In St Andrews itself, the University Library’s Special Collections Division are fortunate in holding a large number of individual charters and pittance writs associated with the Cathedral – many of them preserved in the records of St Leonard’s College, which was founded by churchmen from St Andrews Cathedral, and which after the Reformation acquired a considerable portion of the Cathedral Priory’s estates. A large number of these documents were catalogued in detail by Special Collections near the start of this century, revealing the extraordinary content they contain on both the Cathedral and burgh of St Andrews.

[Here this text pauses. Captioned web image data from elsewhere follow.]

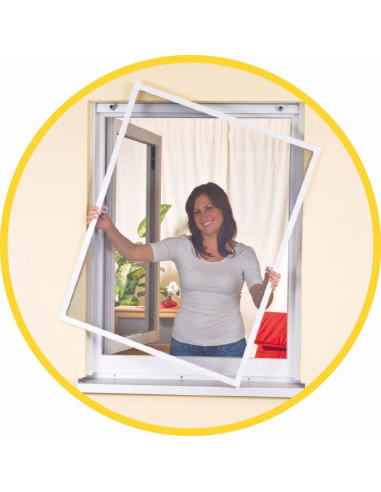 Moskitiera okno alu 130x150 biała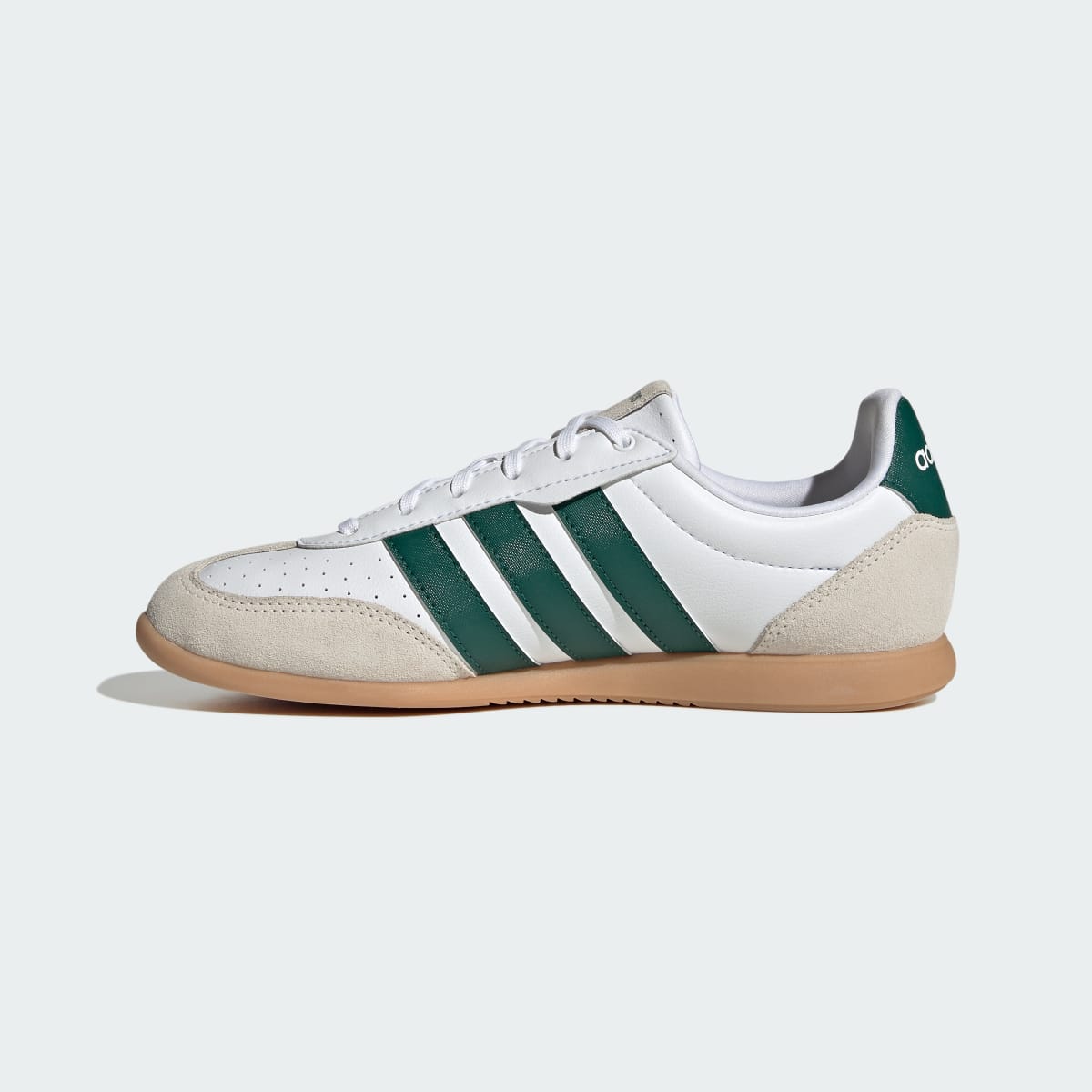 Adidas Women's BARREDA LO SHOES - Cloud White / Collegiate Green / Chalk White - Image 6
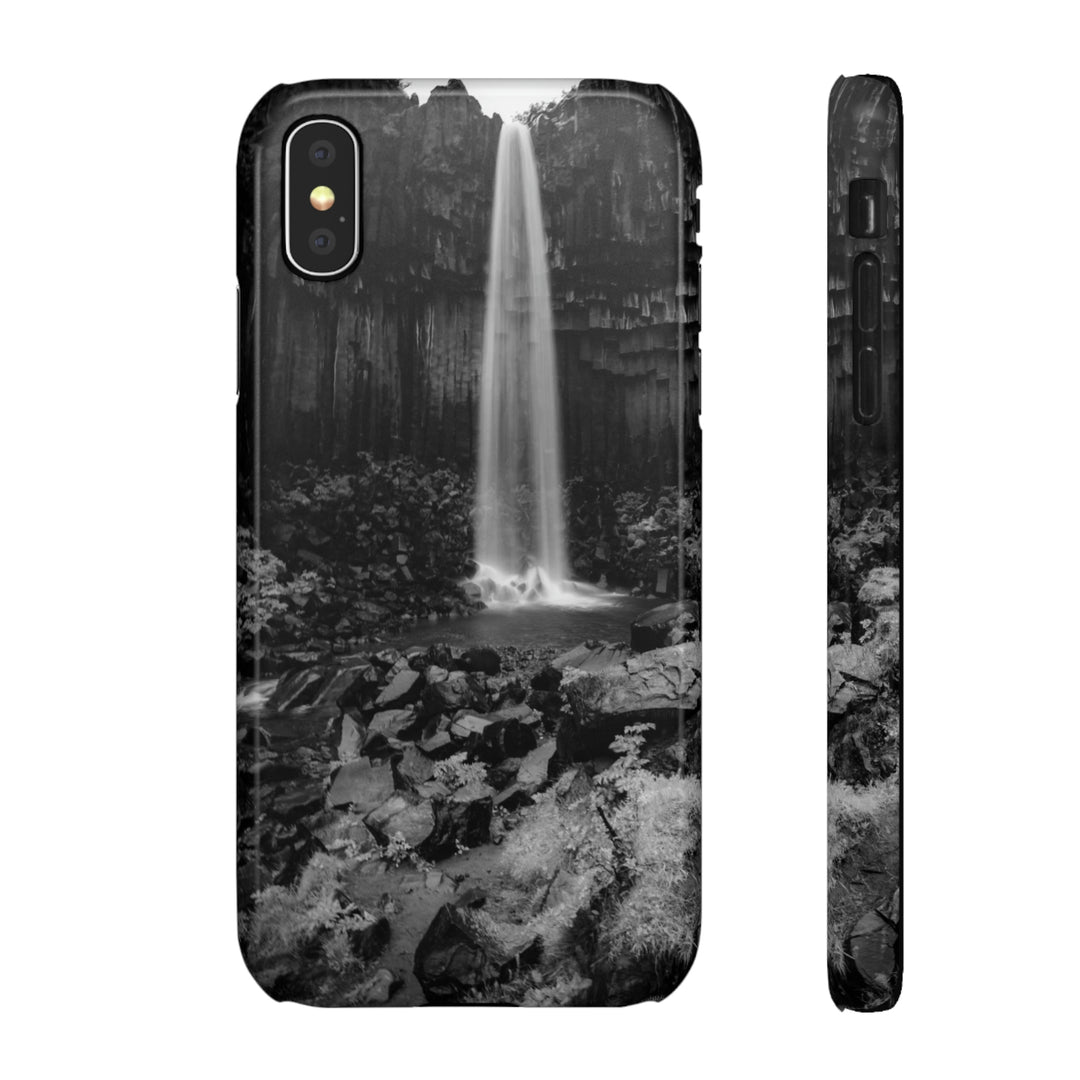 Svartifoss in Black and White - Phone Case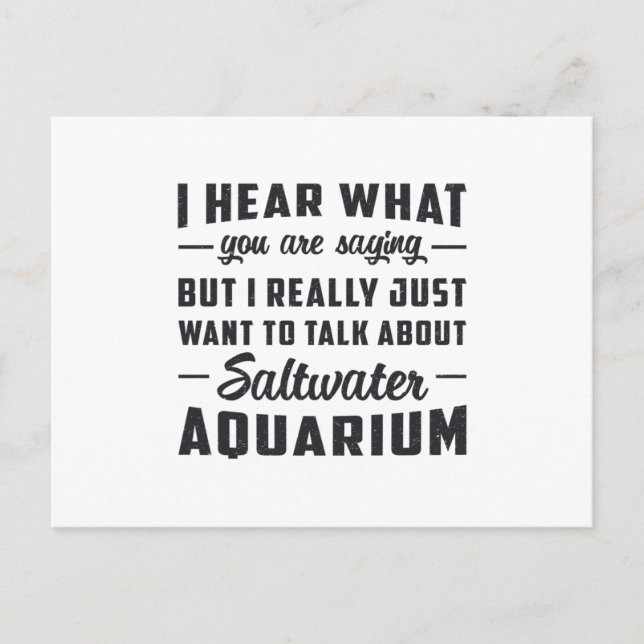 Postal Acuario de agua salada Acuático de peces divertido (Anverso)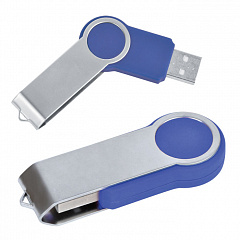 USB flash-карта &quot;Swing&quot; (8Гб),синяя,6х2,3х1см,металл,пластик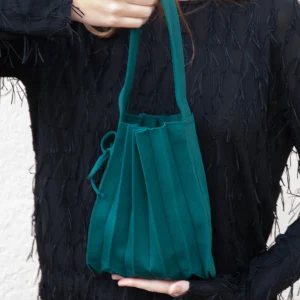 Bolso Acordeón Verde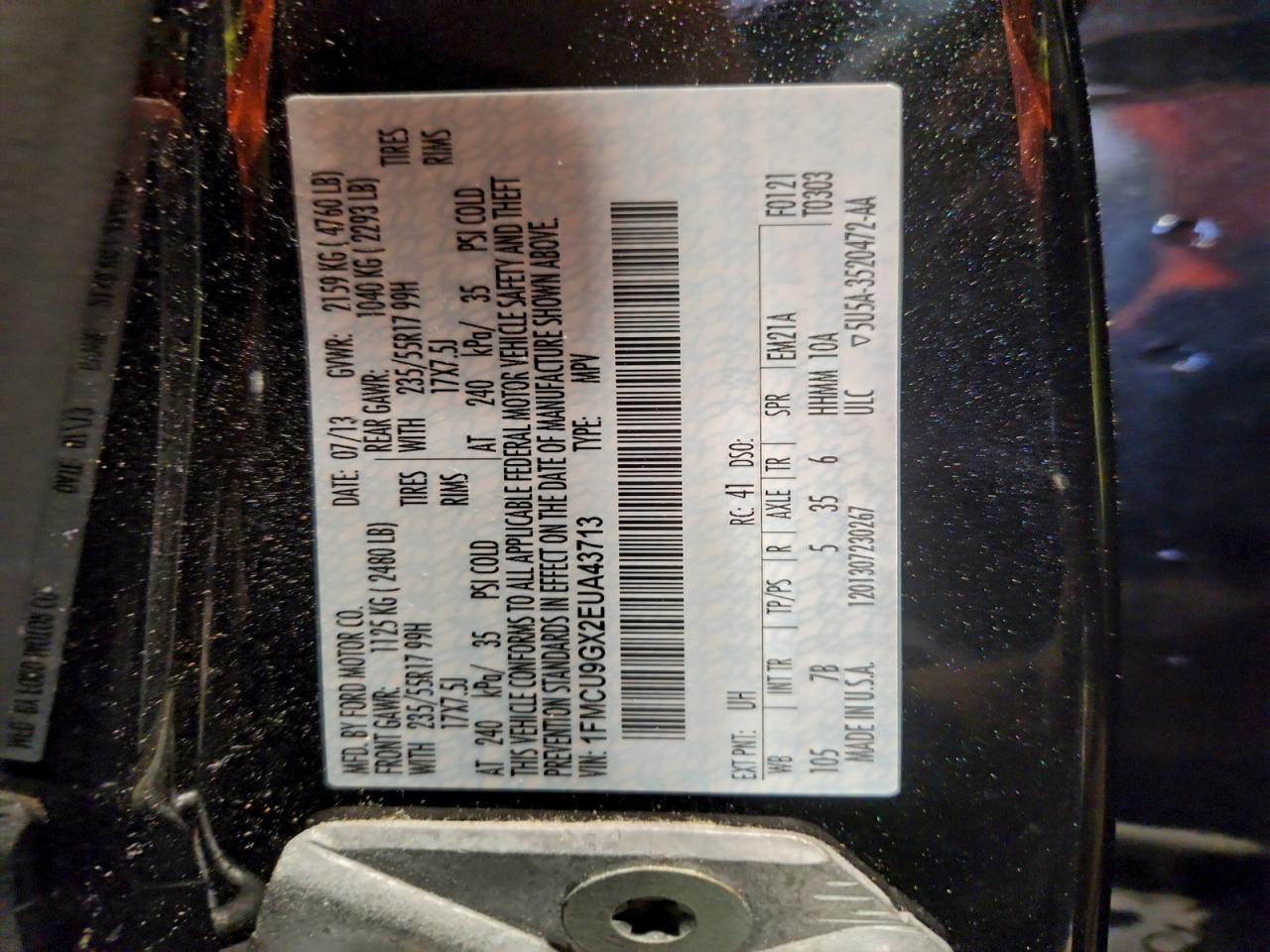 2014 FORD ESCAPE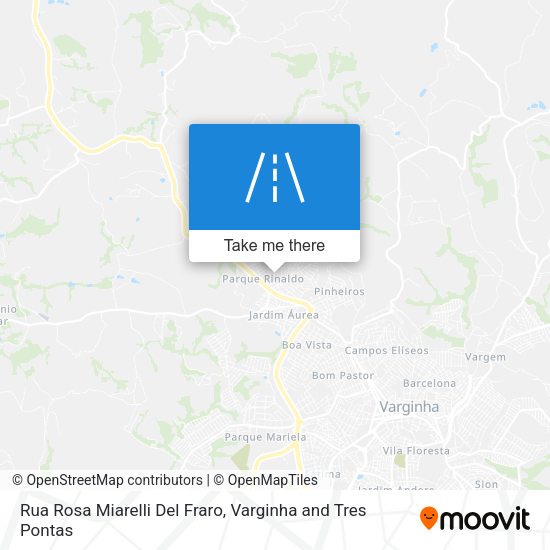 Rua Rosa Miarelli Del Fraro map
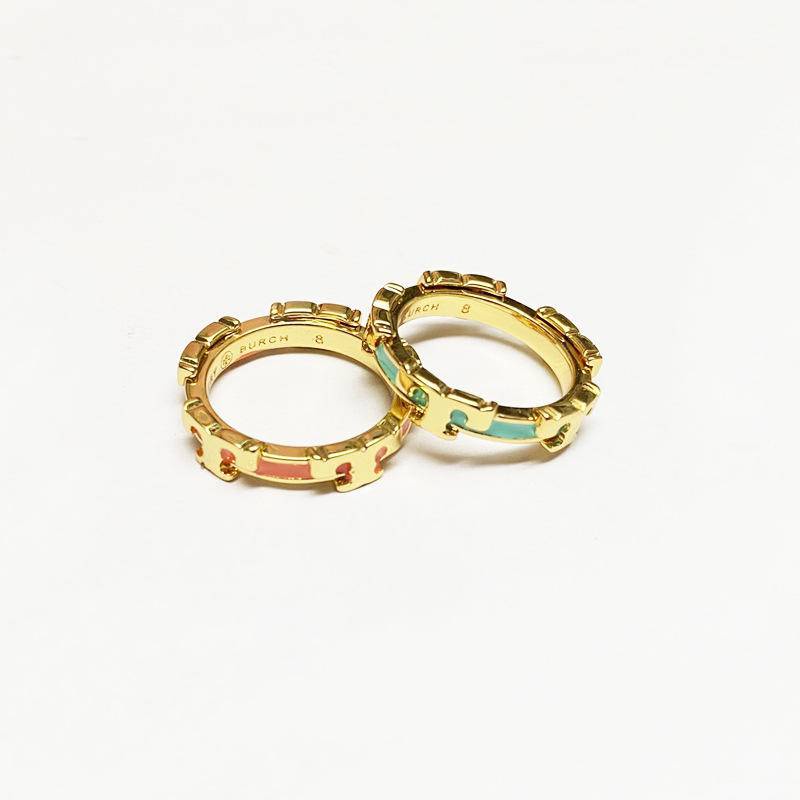 Nhẫn Chữ T NhiềU MàU SắC ThờI Trang Cho Nữ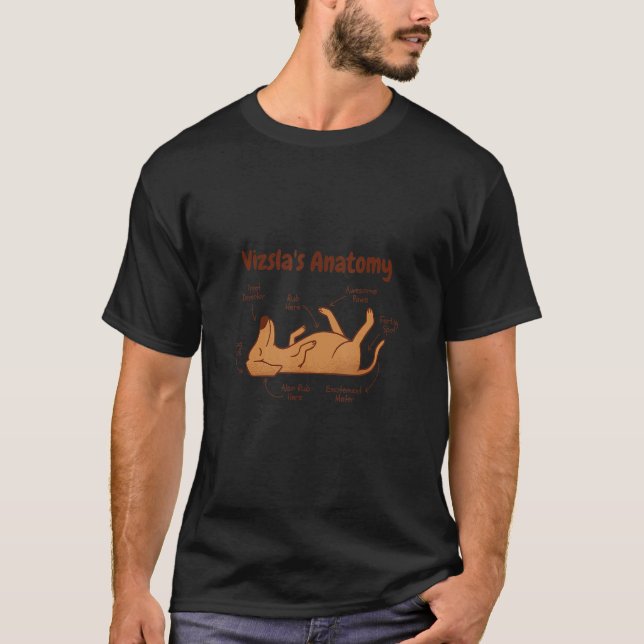 Camiseta Magyar Vizsla, Cão Húngaro, Cão de Raça, Cão (Frente)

Despite seeming (to some eyes) to be dry legal documents, they are a unique insight onto the activities of the Cathedral, and the place it held in the local community, recording in many cases names, occupations, and residences of otherwise long-forgotten St Andreans. The potential of these documents has only begun to be unlocked thanks to cataloguing and recent work by scholars from the University of St Andrews. The ravages of time, and the tumults of St Andrews’s past mean much has been lost from St Andrews Cathedral. But, on the 700th anniversary of the consecration of the great Cathedral church, it is perhaps worthwhile remembering that the materials exist for much more research into this unique institution still to be done!
Dr Bess Rhodes
Smart History and School of History
Of course, the Cathedral Priory had been a centre of quasi-Protestantism in the years up to 1559. Perhaps the canons themselves supervised the destruction of the altars and mass-books.
Valuable information regarding an important time. Thank you for the insight to your research. So sorry to have missed you in March. Even though I could not connect with you personally, and most of the museums were closed, experiencing the physical locality strengthened my understanding immeasurably. I have been enlightened by your work in digital reconstruction of this important site.